**Data block**

☆ ☆ ☆ ☆ ☆

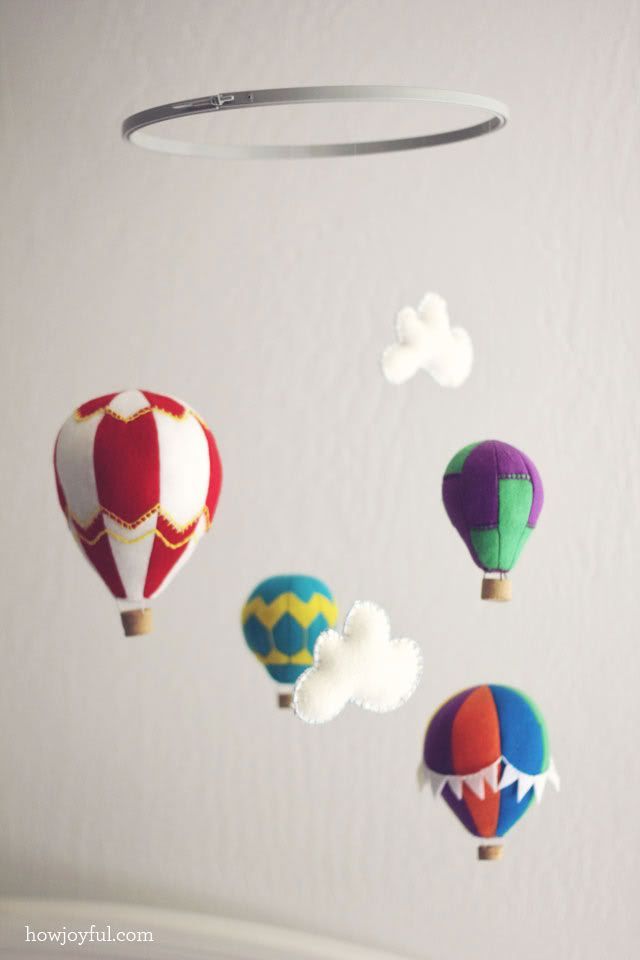 Nursery: Felt hot air balloon mobile  tutorial and pattern | How Joyful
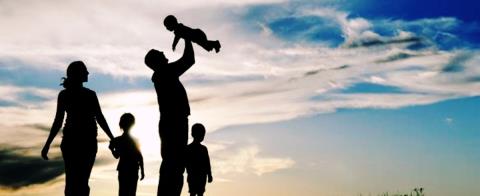 Ποια τα κριτήρια για το επίδομα Αρχιεπισκοπής για κάθε τρίτο παιδί-Θα καταβάλλεται σε έξι περατώσεις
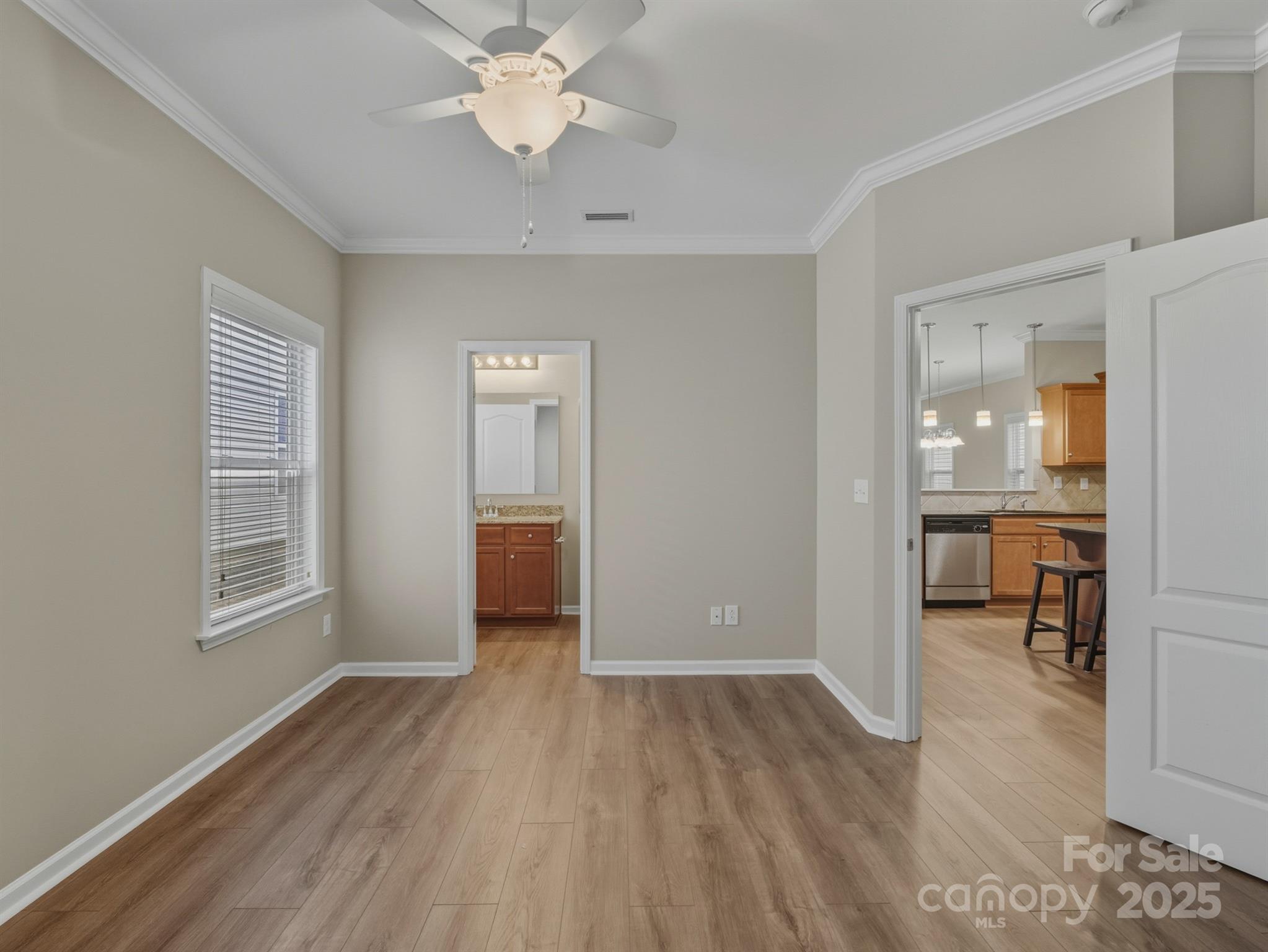 Newport Lakes - Residential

☆ ☆ ☆ ☆ ☆

**Directions for this task**
The output consists of exactly the lines from the one containing "Ποια τα κριτήρια" through the last line of the listing, both included, with no pictures.

**Output of the task**
 Ποια τα κριτήρια για το επίδομα Αρχιεπισκοπής για κάθε τρίτο παιδί-Θα καταβάλλεται σε έξι περατώσεις
 Newport Lakes - Residential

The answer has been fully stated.